* [PROBLEM DETAILS]
In the copy, every record below must appear exactly as given, and no picture may appear.
- - -
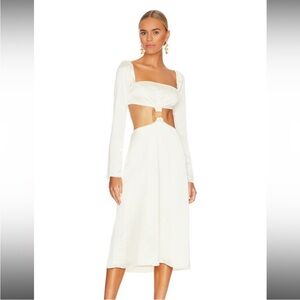 NWT We wore what white dress Cut Out Midi in Whisper White size medium!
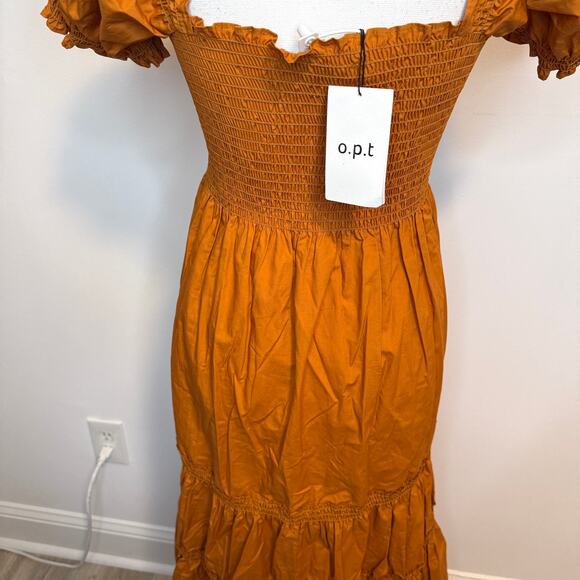 Anthropologie O.P.T. Daphne Smocked Tiered Maxi Dress In Marigold Size Large New - Picture 10 of 16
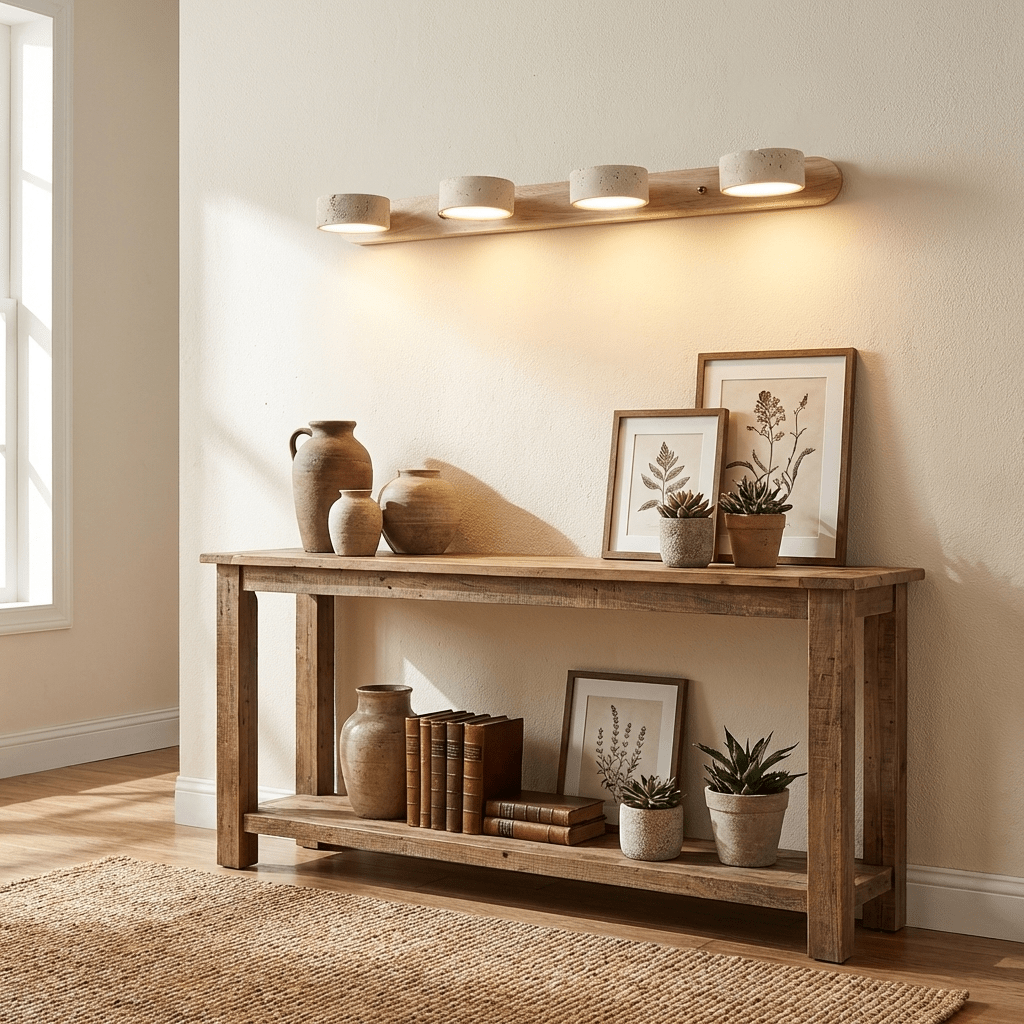 Travertine Wood Vanity Wall Light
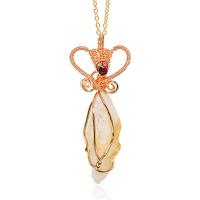 Agate Jewelry Pendants, Brass, with Agate & Clear Quartz, irregular, gold color plated, DIY, more colors for choice, nickel, lead & cadmium free, 15-25x45-65mm, Sold By PC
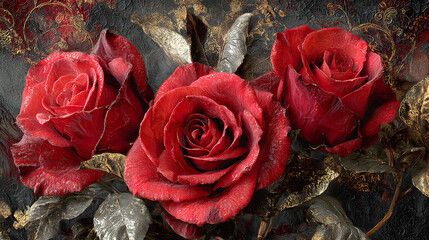 Red Roses with Gold Accents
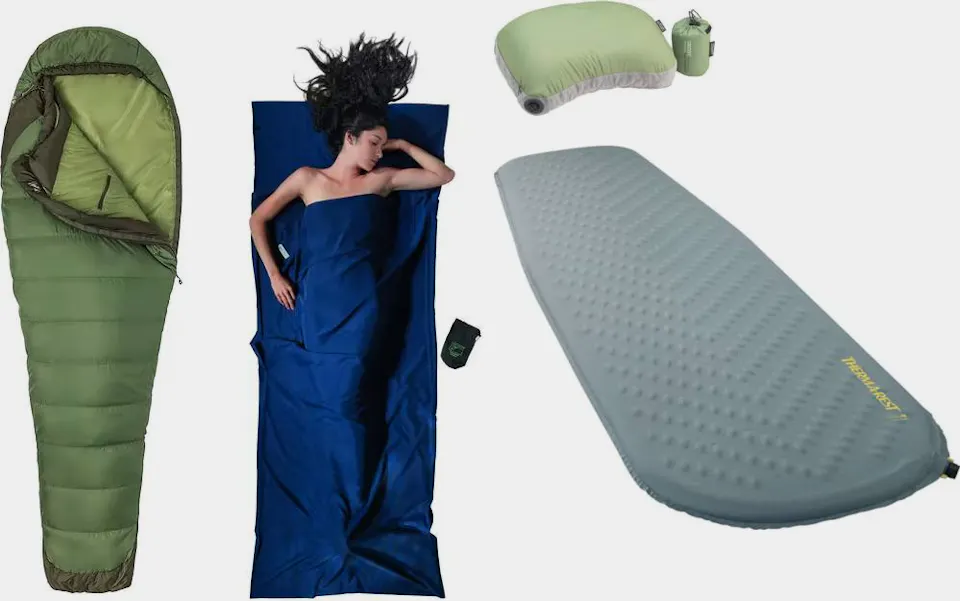 Marmot Varustesetti ulkona nukkumiseen miehille Vihreä 01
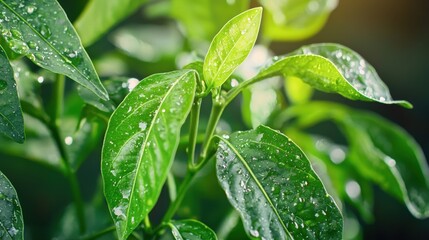 Wall Mural - Wet green leaves with water droplets after rain in natural environment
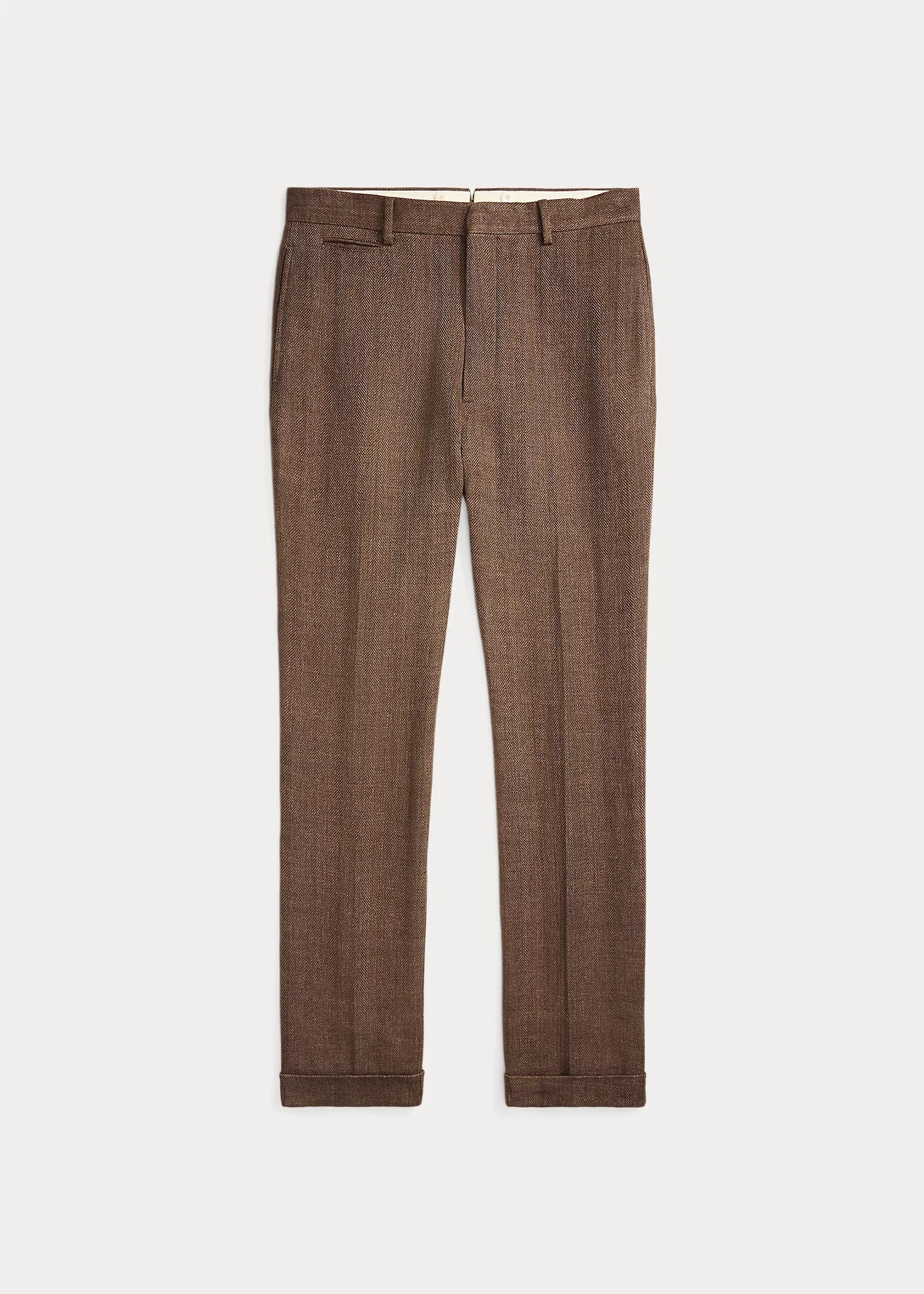 Slim Fit Linen Herringbone Suit Trouser - 1
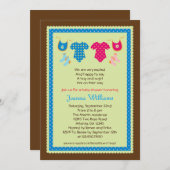 対の男の子および女の子のベビーシャワーの招待状 招待状 (正面/裏面)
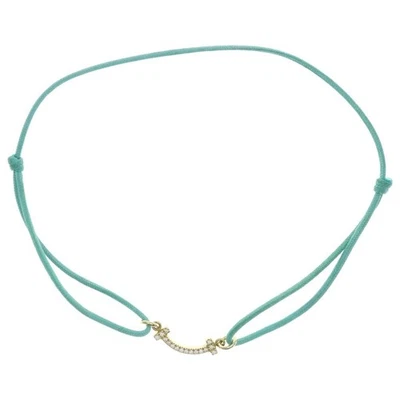 Tiffany & Co. Diamant Mini T Smile Blue Code Armband 9,1" 18k Gelbgold Authen... - Bild 1 von 4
- - -
* [SOLVED EXERCISE]
 NWT We wore what white dress Cut Out Midi in Whisper White size medium!
 Anthropologie O.P.T. Daphne Smocked Tiered Maxi Dress In Marigold Size Large New - Picture 10 of 16
 Travertine Wood Vanity Wall Light
 Agate Jewelry Pendants, Brass, with Agate & Clear Quartz, irregular, gold color plated, DIY, more colors for choice, nickel, lead & cadmium free, 15-25x45-65mm, Sold By PC
 Red Roses with Gold Accents
 Marmot Varustesetti ulkona nukkumiseen miehille Vihreä 01
 Wall Mural - Wet green leaves with water droplets after rain in natural environment
 Slim Fit Linen Herringbone Suit Trouser - 1
 対の男の子および女の子のベビーシャワーの招待状 招待状 (正面/裏面)
 Tiffany & Co. Diamant Mini T Smile Blue Code Armband 9,1" 18k Gelbgold Authen... - Bild 1 von 4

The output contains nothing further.